Segment Start: SOURCE MATERIAL

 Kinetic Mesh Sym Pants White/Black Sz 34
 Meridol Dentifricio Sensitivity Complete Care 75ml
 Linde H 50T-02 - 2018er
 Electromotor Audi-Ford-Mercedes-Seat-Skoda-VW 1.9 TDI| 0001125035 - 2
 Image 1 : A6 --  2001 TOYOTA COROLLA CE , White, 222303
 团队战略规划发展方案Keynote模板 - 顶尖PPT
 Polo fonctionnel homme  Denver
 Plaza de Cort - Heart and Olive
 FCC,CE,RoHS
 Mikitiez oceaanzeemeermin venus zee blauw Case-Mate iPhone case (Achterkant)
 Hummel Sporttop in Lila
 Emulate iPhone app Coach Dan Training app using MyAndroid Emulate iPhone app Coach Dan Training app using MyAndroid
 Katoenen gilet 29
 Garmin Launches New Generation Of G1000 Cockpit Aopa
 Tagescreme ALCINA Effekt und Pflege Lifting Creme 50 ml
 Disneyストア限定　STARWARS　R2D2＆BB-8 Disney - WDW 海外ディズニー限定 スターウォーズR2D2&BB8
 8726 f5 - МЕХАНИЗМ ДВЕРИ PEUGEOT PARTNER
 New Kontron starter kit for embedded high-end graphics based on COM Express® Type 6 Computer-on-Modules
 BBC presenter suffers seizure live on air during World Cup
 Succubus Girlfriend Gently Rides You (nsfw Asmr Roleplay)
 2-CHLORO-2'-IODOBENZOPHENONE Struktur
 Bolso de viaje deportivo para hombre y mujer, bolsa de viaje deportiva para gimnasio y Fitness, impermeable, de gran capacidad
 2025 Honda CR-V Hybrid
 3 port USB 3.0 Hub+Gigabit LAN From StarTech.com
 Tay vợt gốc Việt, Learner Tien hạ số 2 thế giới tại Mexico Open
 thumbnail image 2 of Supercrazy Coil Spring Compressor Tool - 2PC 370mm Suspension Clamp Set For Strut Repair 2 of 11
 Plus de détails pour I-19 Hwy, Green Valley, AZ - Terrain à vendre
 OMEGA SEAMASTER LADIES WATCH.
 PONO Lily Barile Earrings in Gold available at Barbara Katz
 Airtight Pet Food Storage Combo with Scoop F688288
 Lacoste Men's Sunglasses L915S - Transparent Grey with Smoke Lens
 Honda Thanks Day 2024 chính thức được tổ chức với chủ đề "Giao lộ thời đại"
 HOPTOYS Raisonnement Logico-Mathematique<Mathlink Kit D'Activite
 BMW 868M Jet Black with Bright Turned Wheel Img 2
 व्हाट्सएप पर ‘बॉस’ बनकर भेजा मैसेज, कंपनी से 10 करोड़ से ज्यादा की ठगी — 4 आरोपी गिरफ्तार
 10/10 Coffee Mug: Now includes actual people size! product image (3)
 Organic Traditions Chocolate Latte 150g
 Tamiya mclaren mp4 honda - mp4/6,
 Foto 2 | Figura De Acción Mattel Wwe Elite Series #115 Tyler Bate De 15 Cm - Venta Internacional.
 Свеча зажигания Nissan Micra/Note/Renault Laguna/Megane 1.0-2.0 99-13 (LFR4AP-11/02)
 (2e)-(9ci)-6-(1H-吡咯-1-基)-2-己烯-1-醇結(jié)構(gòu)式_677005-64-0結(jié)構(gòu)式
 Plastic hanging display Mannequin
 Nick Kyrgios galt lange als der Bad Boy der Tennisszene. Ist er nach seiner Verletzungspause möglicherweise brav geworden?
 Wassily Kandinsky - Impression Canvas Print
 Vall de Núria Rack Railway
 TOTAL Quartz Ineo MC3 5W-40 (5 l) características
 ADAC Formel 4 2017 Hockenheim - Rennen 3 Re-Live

Segment End: SOURCE MATERIAL

WHAT IS REQUIRED:
Your output must be one number: how many lines of the listing include "with".

SOLUTION TO THIS PROBLEM:
3